PROBLEM DETAILS — Make an exact transcript of the lines in the data below, starting with the one containing "cezanneondeman" and going on through the one containing "Brossard | Contemporary-Style", with both included and the pictures left out.

DATA FOR PROCESSING —

++++++++++

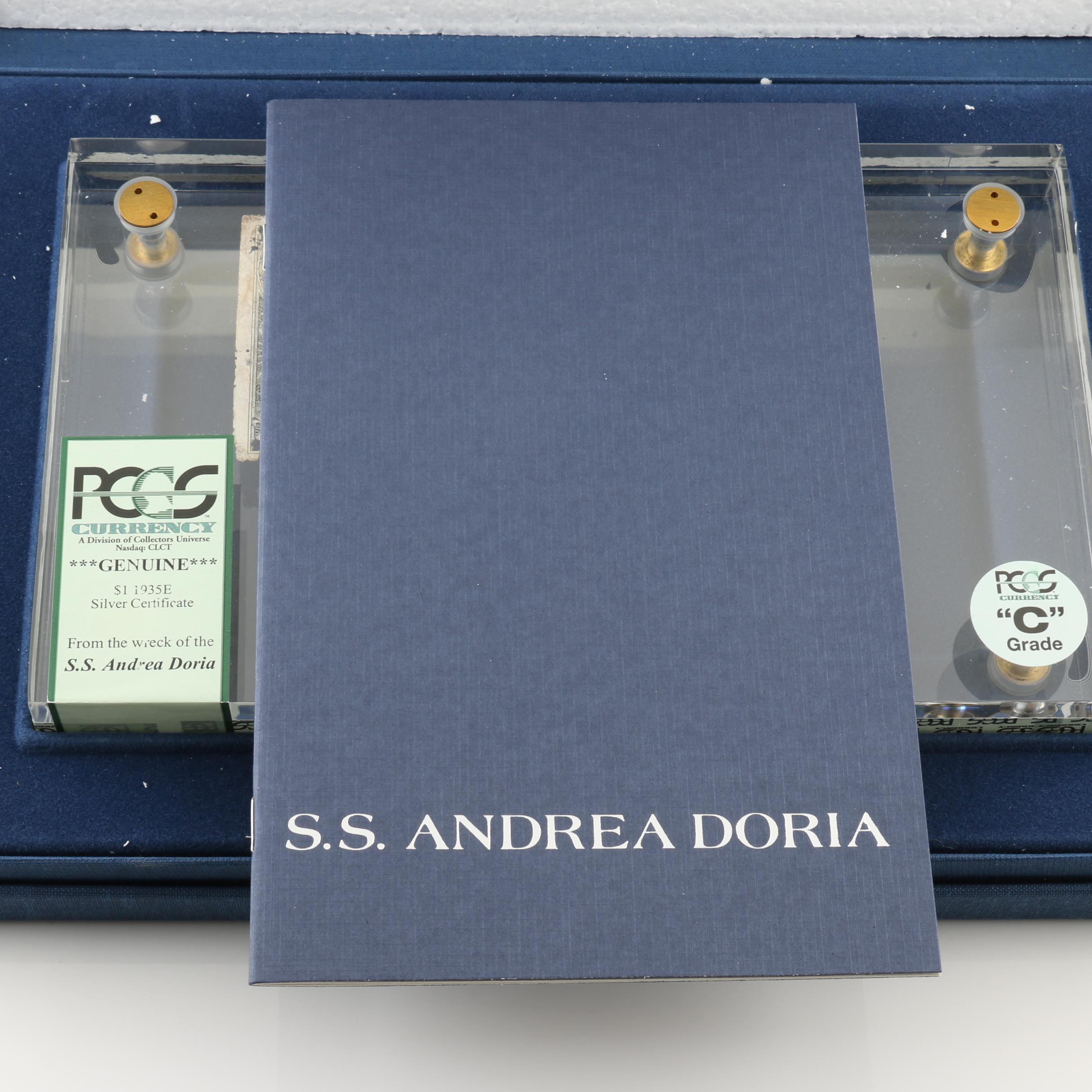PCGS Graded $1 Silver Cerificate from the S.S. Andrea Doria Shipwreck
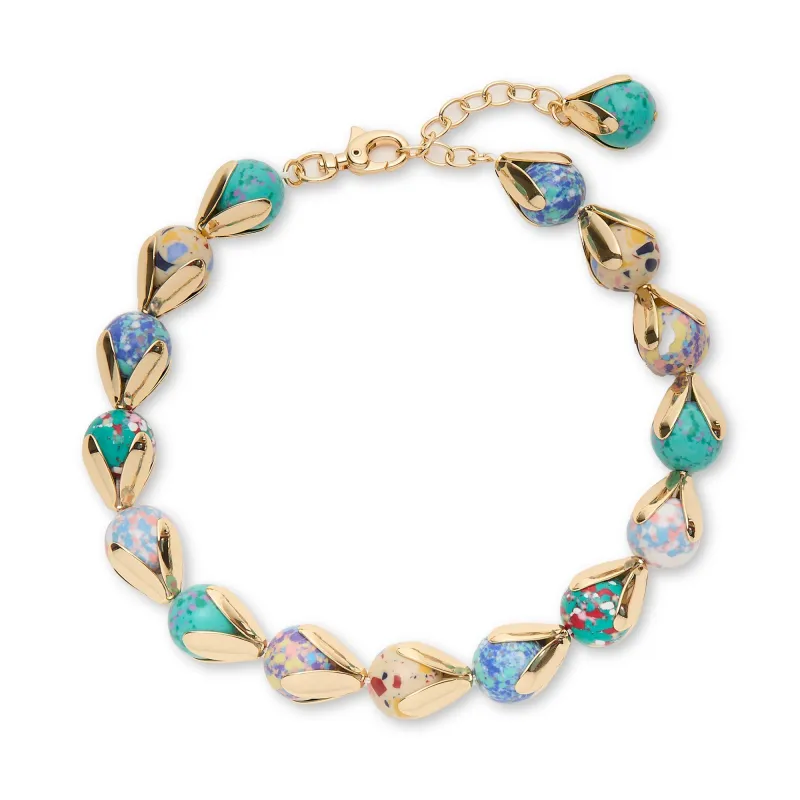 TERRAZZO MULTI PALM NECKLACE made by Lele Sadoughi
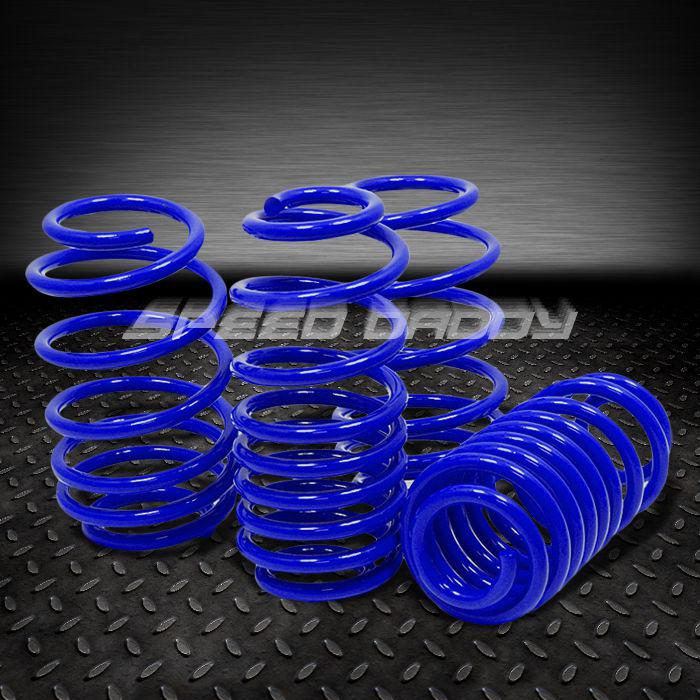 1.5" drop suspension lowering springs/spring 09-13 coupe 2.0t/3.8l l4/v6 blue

++++++++++

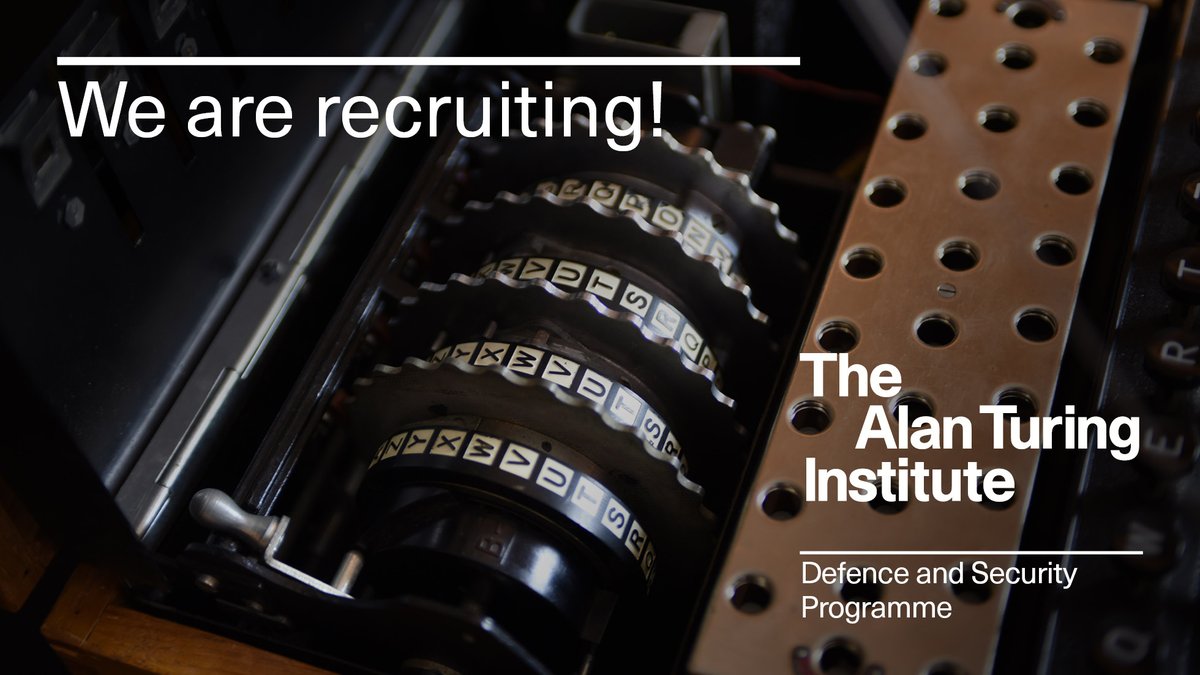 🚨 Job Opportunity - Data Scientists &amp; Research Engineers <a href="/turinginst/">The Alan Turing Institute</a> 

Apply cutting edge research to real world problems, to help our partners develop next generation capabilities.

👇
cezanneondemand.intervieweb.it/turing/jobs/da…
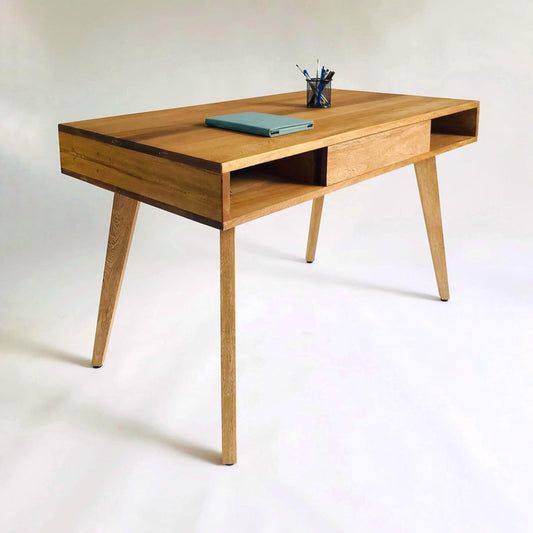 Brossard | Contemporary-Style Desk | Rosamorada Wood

++++++++++

ANSWER SECTION —
cezanneondemand.intervieweb.it/turing/jobs/da…
 Brossard | Contemporary-Style Desk | Rosamorada Wood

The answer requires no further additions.